The trait you're referring to applies to the headers in a client-side request, for the client-side implementation in cpp-netlib. There was some work being done (incomplete) to make getting a header from the request in the server be the same as for getting the request from client request/response objects.
The reason the headers on the server side are a vector of pairs is for "efficiency" in terms of space and time. If you can pay the cost of creating a multimap on the server's handler, you should probably do that instead. The usual pattern for efficiently working through headers in a request in an efficient manner is to always do a linear scan of the headers you're looking for, and processing them as they come in. Something similar to this:
string content_type, content_length;
for (const auto& header : request.headers) {
if (header.name == "Content-Type") content_type = header.value;
if (header.name == "Content-Length") content_length = header.value;
if (!content_type.empty() && !content_length.empty()) break;
}
You may generalise this using some sort of pattern (a std::map<string, std::function<void(const std::string&)>>
perhaps) if your application requires this level of header processing.
In general though, iterating through a list of vectors shouldn't take too much time.
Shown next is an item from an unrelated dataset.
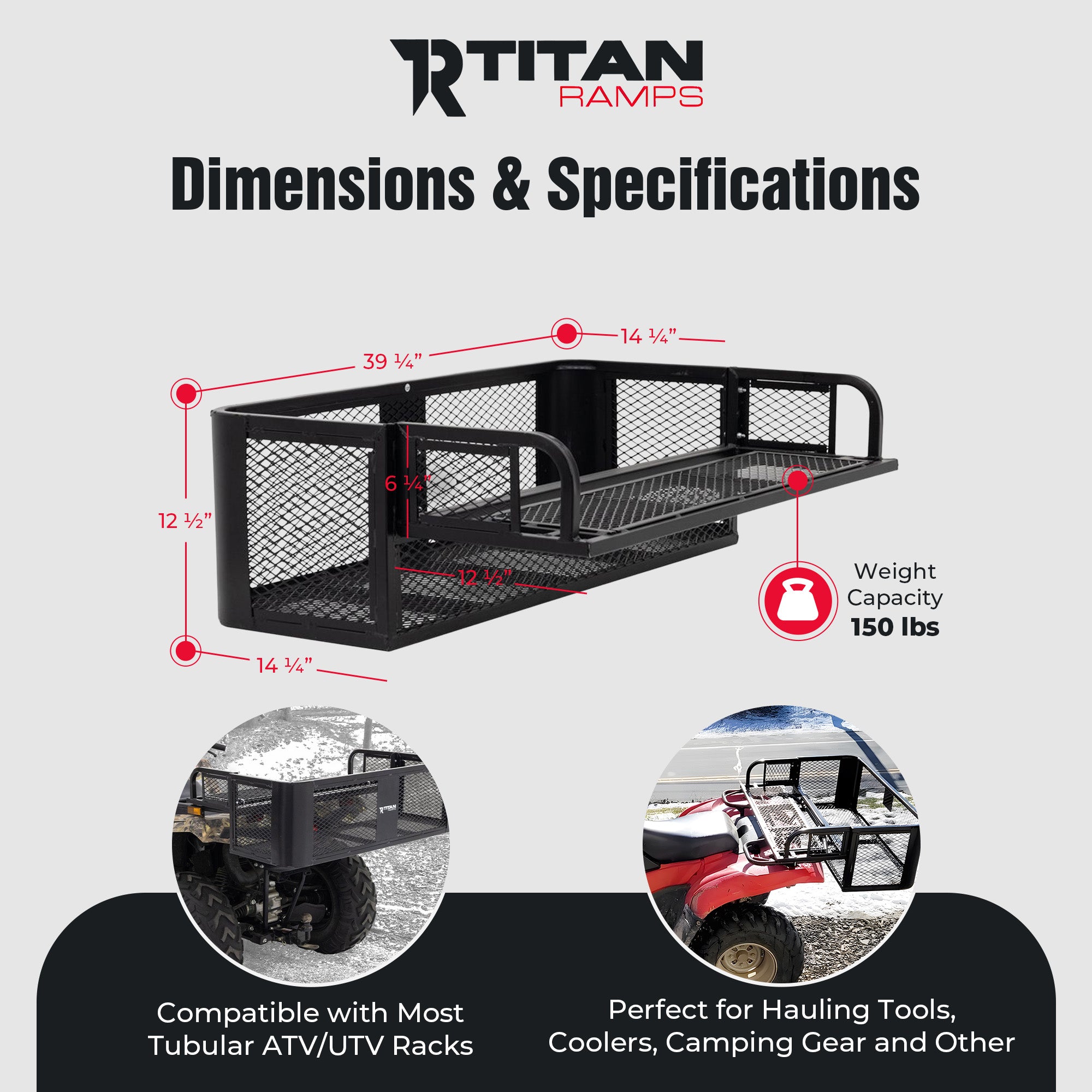 Titan Ramps Universal ATV/UTV Rear Drop Cargo Basket Rack with 150 lb. Capacity - VMInnovations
If the number of headers is large (O(10,000)) then you have other problems. The tradeoff here is between memory locality (a vector has contiguous elements as opposed to a map that has elements typically randomly allocated in different parts of memory) and efficient lookup (logarithmic time only really makes sense after a certain size).
I completely accept the point that the convenience suffers a bit. Maybe a different data structure would be helpful here (a boost::flat_map
perhaps). But an interface improvement would be to make the code that works with client request/response also work with server request/response objects.